Constitution : autoritarisme et formalisme

Constitution : autoritarisme et formalisme

C’était bien la révision d’une Constitution que les élus ont approuvée avant-hier. Mais malgré le message présidentiel venu instantanément soutenir le consentement unanime des élus du régime, la formalité parlementaire a du mal à passer pour un moment politique.

L’inconvénient avec un Parlement accommodé de manière à assurer l’approbation massive et répétée de l’action du pouvoir, c’est que son vote n’a pas d’effet légitimant.
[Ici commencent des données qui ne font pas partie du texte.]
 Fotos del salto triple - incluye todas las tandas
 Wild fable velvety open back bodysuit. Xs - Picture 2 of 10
Mais la tentation de contourner un référendum qui l’aurait encombré d’une campagne électorale et des contraintes d’un débat semble l’avoir emporté.

Dès le vote accompli, le Président a tenté de minimiser l’effet délégitimant de l’échappatoire parlementaire, arguant qu’il a soumis sa révision constitutionnelle à “un Parlement librement choisi par le peuple pour exprimer sa volonté et reflétant la diversité des courants d’idées et d’opinions qui animent notre société”. Or, le problème réside justement dans un système électoral entièrement conçu pour assurer, pour le compte du pouvoir effectif, la maîtrise de la structure politique des assemblées et instances élues. Le recours systématique à la fraude permet d’installer, dans chaque assemblée, une majorité qui rendrait toute opposition vaine ; les appareils des partis conçus pour trier les candidats de sorte à prévenir toute imprévisibilité dans leur comportement électoral. Ils doivent, en particulier, s’en remettre à la gestion autoritaire de leurs carrières et être totalement dénués de convictions politiques.
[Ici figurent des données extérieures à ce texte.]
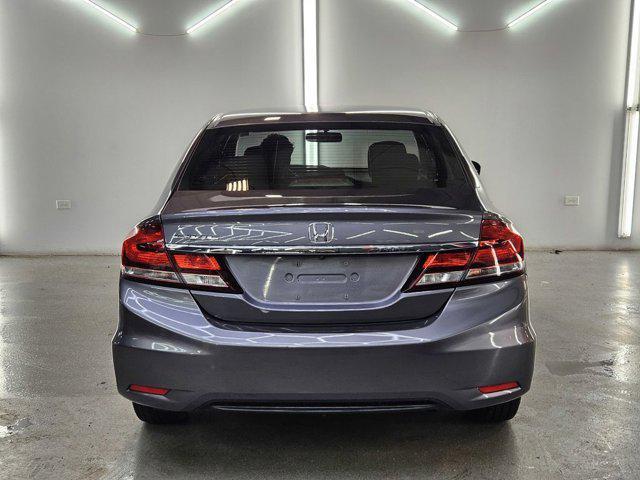 Photo of 2015 Alabaster Silver Metallic Honda Civic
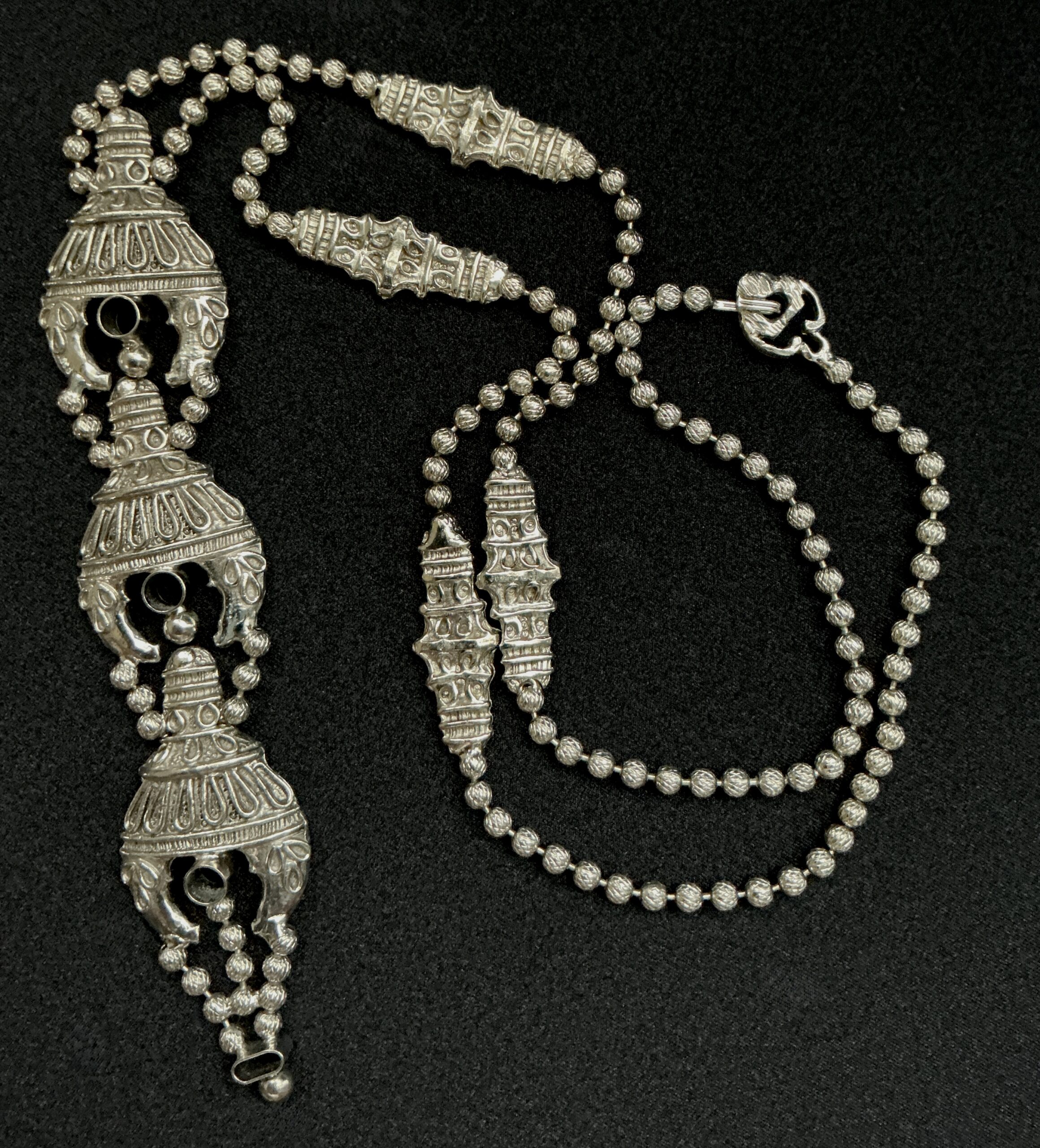 Vintage Kenneth Jay Lane KJL Silver Tone Pendant Necklace 30 Inch - Image 2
C’est à ce prix que l’on peut faire voter, avec pratiquement le même personnel parlementaire, et dans le même enthousiasme, aussi bien l’abrogation de la limitation des mandats présidentiels que son rétablissement quelques années plus tard. Comme en 2008, dans la révision constitutionnelle de 2016, l’efficacité pratique a prévalu sur la question de la forme. L’option référendaire aurait imposé un débat trop contraignant, alors autant perdre en légitimité ce que l’on gagne en simplicité procédurale.

LG Algérie

En 2005, ne pouvant asseoir la légitimité de sa démarche de “réconciliation nationale” sur la seule approbation parlementaire de la “Charte”, Bouteflika avait bien perçu l’utilité, voire la nécessité de la formule référendaire. A-t-il estimé que la révision constitutionnelle ne soit pas de nature à modifier profondément la perspective politique du pays ? Ne se sent-il pas en position de contrôler la gestion politique d’une consultation nationale pour battre ainsi en retraite en essayant de faire passer le vote du Parlement pour le raccourci d’un référendum populaire ?

Cela dit, sous un régime autoritaire, la Constitution est nécessairement de nature provisoire. Et, dans sa mise en œuvre, la volonté de l’autocrate prime sur la règle qu’elle énonce. Tout cela relativise la forme qui aura présidé à sa confection et son adoption.